The great poet Bruce Boston:Hewitt’s work has potential and emotion.
Famous British horror writer Simon Clark, tipped as the new Stephen King, comments on various Hewitt poems:
This is a piece of real power, rich in imagery, sure to be published. (The fire of insanity)
incredible vivid imagery (Pan)
an intensely visual piece in a style that you seem to be claiming for your own." (It came from the swamp)
this is a darkly powerful piece. (Evil)
Andy Cox, Editor of T.T.A. Press:Hewitt’s poetry is brilliant, the best I have ever read.
Professor of Literature Michael Arnzen, a Bram Stoker Award Nominee, makes the following observations on some of the poems:
this is a good job of fomenting madness, and the insane chaos of pain, the collective voice is chilling, and creepy. (Pan)
youve definitely got a talent for mood, and atmosphere, this is a dark and dangerous piece (The fire of insanity) chock full of creepy images, dark and disturbing, you have an innate talent. (It came from the swamp)
L. Michael Lohr, Editor of Fables magazine, observes of It came from the swamp: this reminds me of Lovecraft, very visual and intense.
Famous author Steven Climer comments on The fire of insanity: this is a very visual passage, filled with deep despair and emotion.?
H.W.A. Member Peter Crowther describes The tolling bells as very moody and evocative.
John. B. Ford, editor and great Horror writer, remarks on various poems:
a very powerful piece (The fire of Insanity)
very gothic, and disturbing imagery (Pan)
its sentiment and imagery are chilling. Hewitt has lots of talent, and his writing is visionary (The future)
Hewitt’s writing has also been compared to author Lord Dunsany by Australian magazine Redsine, and he has even been considered the new Dante.

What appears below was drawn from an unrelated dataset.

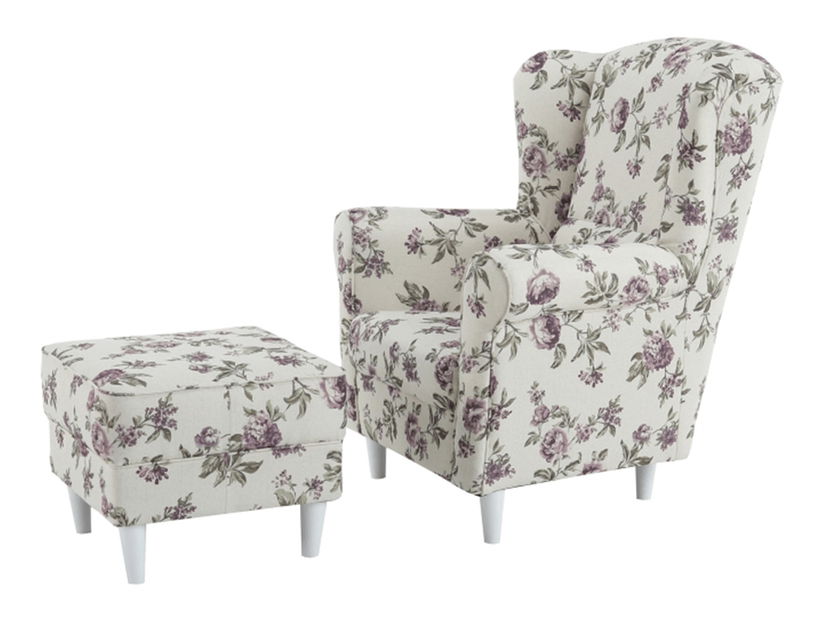 Křeslo ušák s taburetem Aevo rose 18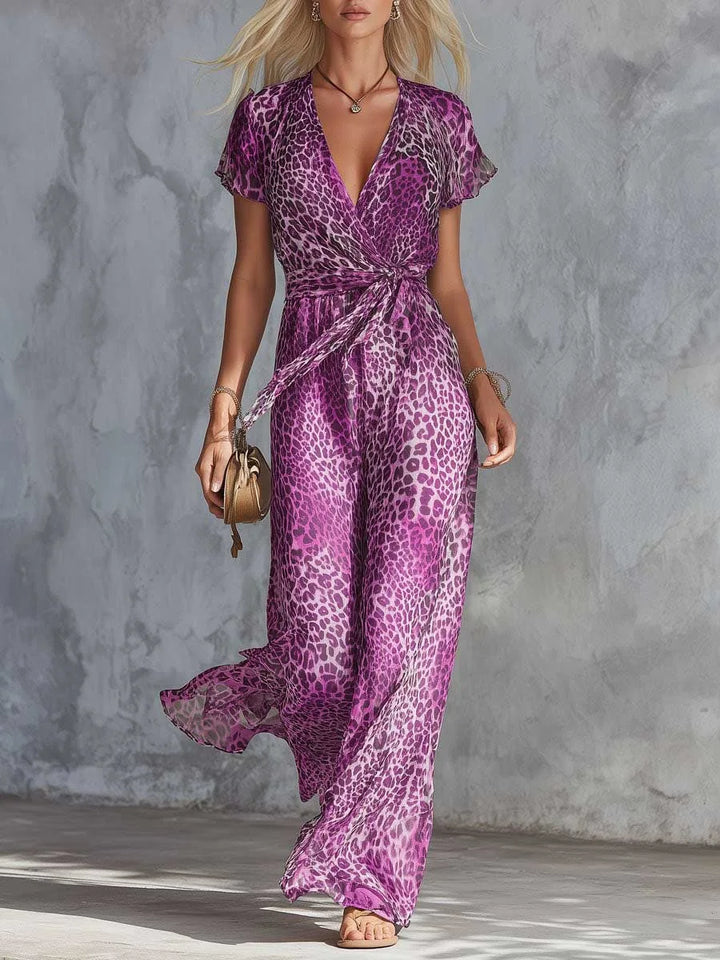 Althea Leopard Print Wide Leg Jumpsuit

"Each age calls forth its own prophet, a poetic oracle who sees past the heavy drapery we call "the world" to the prime reality that lies beyond. You should feel both ecstatic and terrified that our age has elicited M. J. Hewitt as its prose-lapidarian. Ecstatic, for Hewitt himself truly resonates with the daemonic muse, a voice that echoes from the depths of Tartarus and beckons forth, by turn, angels, devils, monsters, and gods. And terrified, for Hewitt sings not of arm-in-arm brotherhood and cozy lovingkindness, but rather of Yeats's "blood-dimmed tide," an aeon drenched in gore-bespattered corpses and unrelenting pain for the pitiable humans left alive. "BLOODLAND TALES shimmers with the decadent imagery that Clark Ashton Smith conjured so easily, and in these opalescent prose-poems Hewitt both acknowledges his debt to "Klarkash-Ton" and progresses even further into a darkness-drenched universe without redemption, mercy, or salvation. There is no way to reach out to those we care for; only broad-axe slashes that leave gaping wounds. There is no bright afterlife with grace and holiness; only transmogrification through pain and torture as humans become parasitic spirits who lure others into torment. Love is destined to end in disillusionment and despair, and we learn our world itself is the black-tinged dream of distant alien beings our brains cannot even comprehend, beings who survive only through our suffering. "You will find no words of comfort in this scarlet landscape. But for those who are able to realize the Baudelairean beauty that lies in decay, the Sadeian pleasure of witnessing another's hopeless prayer for mercy, the Lovecraftian awe of glancing into unilluminated gulfs in which madness dwells, Hewitt fills our descent into chaos with exquisite scenes, mixed in equal parts, of glamour and gore. "I've joined the Cult of Hewitt. It's time you signed your soul away and joined as well."